But the intrusion act having been repealed, the case of Mitchel vs. Smith is now no authority; and independent of the repeal of the intrusion act, the decision of the court in 13 Serg. & Rawle was erroneous, because the penalties of that law were never extended to apply to a case like Matthewson's. The 8th section, by special provision, excludes Matthewson from the operation of it. 'No person is to be liable to the severities of the law who could prove that he entered upon and took possession of, or settled on such lands before the passing of the act of the 11th of April 1795. Matthewson took possession as far back as 1784 or 1785, ten or eleven years before the existence of the intrusion act.

In the course of a short time after the repeal of the intrusion act, the law suspending the operation of the statute of limitation in this section of the commonwealth, was also repealed. This was the last and only act remaining upon the statute book, to the prejudice of the Connecticut settlers. So that if Matthewson had not ever settled upon these lands, and leased them to Satterlee, long prior to these enactments, framed for the purpose of preventing any more intrusion from the settlers of New England; yet, their total and unqualified repeal, afterwards, would have been sufficient to entitle him to the benefits of all the laws to which other persons settling in Pennsylvania were entitled. Under this view of the facts connected with this case, we have but one mode left for accounting for the decision of the supreme court of Pennsylvania, and that is the one heretofore adverted to; by supposing that the repeal of 'the intrusion act,' as well as 'the act suspending the operation of the limitation act,' had not reached them. Certainly their repeal is not to be collected either from the argument or opinion of the court, in the case of Satterlee vs. Matthewson, 13 Sergeant & Rawle. It being therefore, evidently, an oversight on the part of the court, we contend that the act of the 8th of April 1826, became necessary to effectuate justice between the parties, and to declare what was really the law at the time the erroneous decision of the court was pronounced. We therefore maintain the position, that the act of the 8th of April is constitutional.

Indeed it is nothing more than a declaratory or explanatory act. It was but a re-enactment of what was understood in that part of the state to have been the law from the year 1785 down to 1813, and certainly ever since the repeal of the acts of restriction. Surely, an undisturbed practice for twenty-eight or thirty years, during which period no tenant in the situation of Satterlee had brought a case of the kind into a court of law, ought alone to settle this question in favour of Matthewson; and to have satisfied the supreme court of Pennsylvania, that the title of the landlord, obtained prior to the intrusion act, could not be contested by his tenant.

But Satterlee became the tenant of Matthewson prior to the act of intrusion; and when the law was passed, exempting Matthewson from the effects of the intrusion act, Satterlee was his tenant.

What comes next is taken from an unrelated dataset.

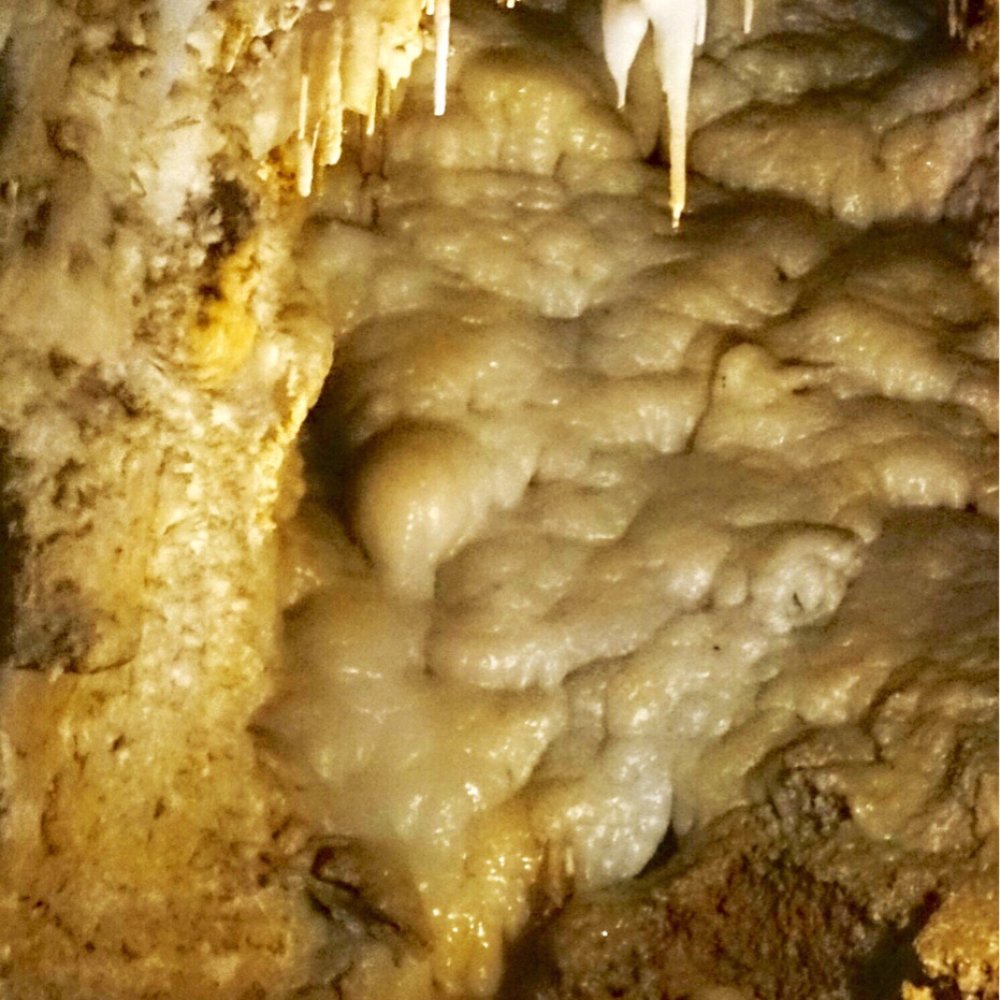 Crystal Lake Cave - Niagra Falls - Tours Near Me - Dubuque, Iowa Crystal Lake Cave - Niagra Falls - Tours Near Me - Dubuque, Iowa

By referring to the act of the 8th of April, it will be found, that its provisions are to apply to the 'trial of any cause then pending, or hereafter to be brought;' and it is alleged, that its application to a cause in court, proves it to be unconstitutional; and that it wears none of the features of an explanatory act. It is not necessary to call an act in its title an explanatory act, to make it so. If in its design and effects it is explanatory, that is sufficient. If the law of the 8th of April had not applied to the cause in court it would not have remedied the evil. This was the only cause of the kind that had ever been decided, and the legislature being satisfied that the court had misapprehended the meaning of the law, passed this act by way of explanation.

Again, it has been suggested that this act violates the obligation of a contract, and affects vested rights; because it 'does away the force of the law, as decided by the supreme court in this case.'

In 15 Sergeant & Rawle, our present case, the court say that the case of Overton vs. Tracy, reported in 14 Sergeant & Rawle, virtually overrules the decision in 13 Sergeant & Rawle of Satterlee and Matthewson, which decides that a tenant may resist the title of his Connecticut landlord. So far therefore as the judgment of the supreme court has decided the law, it is in our favour. For it appears, that in the very next volume of reports, a case is decided virtually revoking the former decision. They had no vested rights under the first judgment of the court, as it was an erroneous one. This question would have never reached this Court, nor would we have heard of the infringement of vested rights, if the supreme court had not given an incorrect opinion in the first instance.

But let us look at the law, as it stood between Satterlee and Matthewson. Matthewson leased the property in question to Satterlee. It was also agreed that either of the parties might put an end to the tenancy at the end of one year. All this took place when there was no act in existence against Connecticut settlers in Pennsylvania; on the contrary, many of the New England men had gallantly defended the northern borders of the state, where this land is located, from Indian barbarities, and many of them lost their lives there.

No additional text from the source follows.